Subconscious Morse Decoding

What is consciousness? How does subconscious Morse decoding work? Understanding head copy needs a deep dive.

In our last article, we discussed our conscious ability to understand Morse code at lower speeds using an analytical process which discriminated the timing of dots and dashes into symbols and characters. We found this can work well for starting out, and up to maybe 25-30 WPM. Conscious decoding has its limits.

Take a step back. Your brain devotes about 5% of its resources to consciousness. The remaining 95% does background processing – as subconscious or unconscious activities. Part of your background processing supports things like breathing. Other parts process the senses and prepare information to be raised into consciousness.  For example, the startle response kicks in at 5 milliseconds subconsciously, but may take 200-500 ms to enter consciousness.

Conscious thought is simply what you are paying attention to at any moment. Consciousness is your awareness of information being escalated by the rest of your brain.

Conscious decoding of slow Morse code lets you pull patterns from your subconscious memories. You apply these templates mechanically to translate sounds (or other sensory cues) into the symbols and letters.

If you want to understand CW at 30+ WPM, you need to let subconscious Morse decoding take over. After all, nearly all of your brain activity is really fast and smart – you just don’t notice it. (Remember, consciousness is attention.)

Subconscious Morse Decoding – How It Works

Think of Morse code as a habit. The more you practice and create new patterns in your brain, you also create habits which act subconsciously. (Think of driving your car.) Beyond 30 WPM, you must forget conscious code analysis and just let your subconscious take over.

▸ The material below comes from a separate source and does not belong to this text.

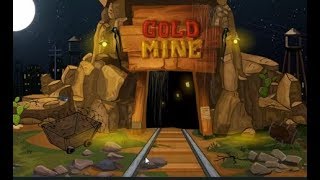 GOLD MINE GAME WALKTHROUGH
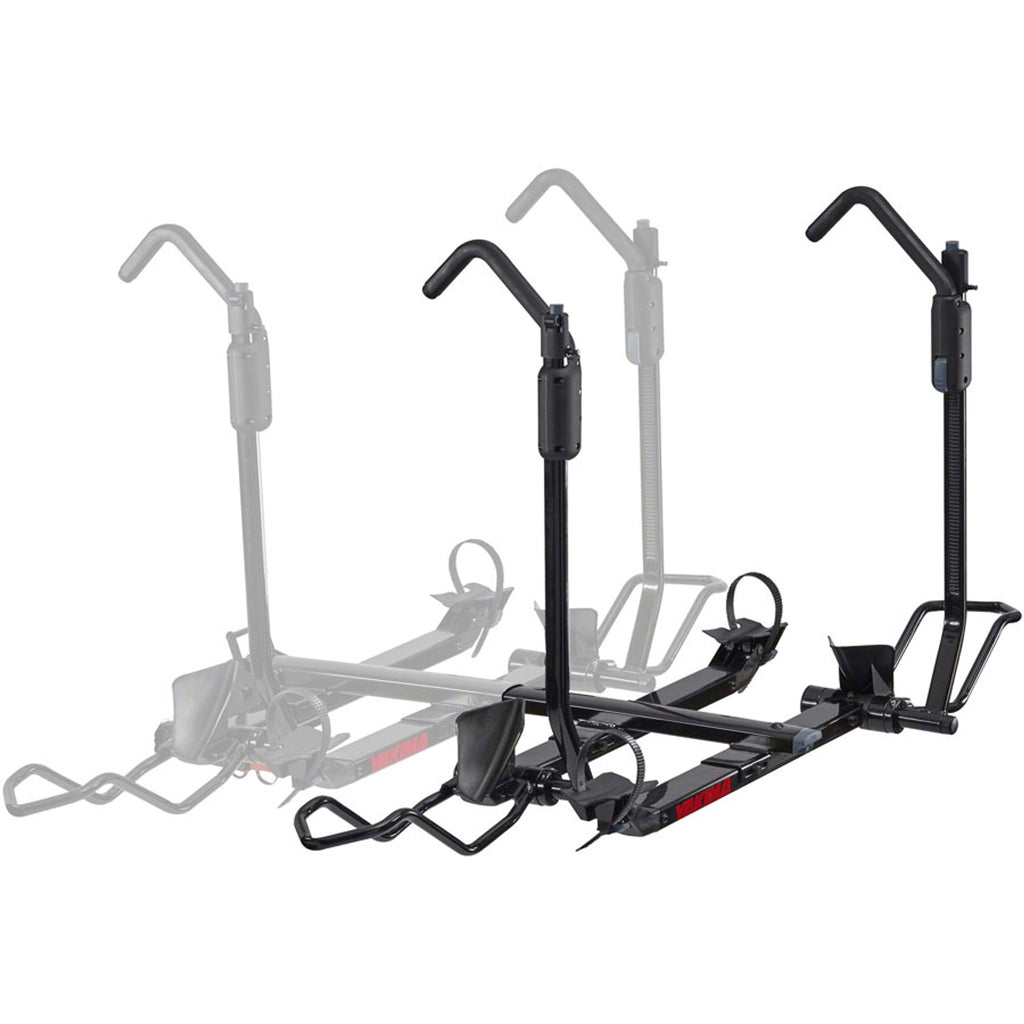 Yakima HoldUp EVO +2 Add-On: 2-Bike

As your mind works on Morse below the surface, it will check your input senses against habits and patterns stored in your memories. At some point, you reach what science calls “a threshold of evidence accumulation”. Your brain says “Aha! That word is PARIS” and escalates that information to your conscious attention.

The same idea is boosted by the context of a QSO. Patterns about QTH, Name, RST, etc. easily flag details into your awareness even if you cannot confidentially detect the individual bits.

So, in simple terms: You learn Morse slowly at first, using low-level decoding. As you practice, speed increases and you store patterns of characters and words. As you pass 30 WPM, you either let your subconscious mind do the work, or, unfortunately, give up.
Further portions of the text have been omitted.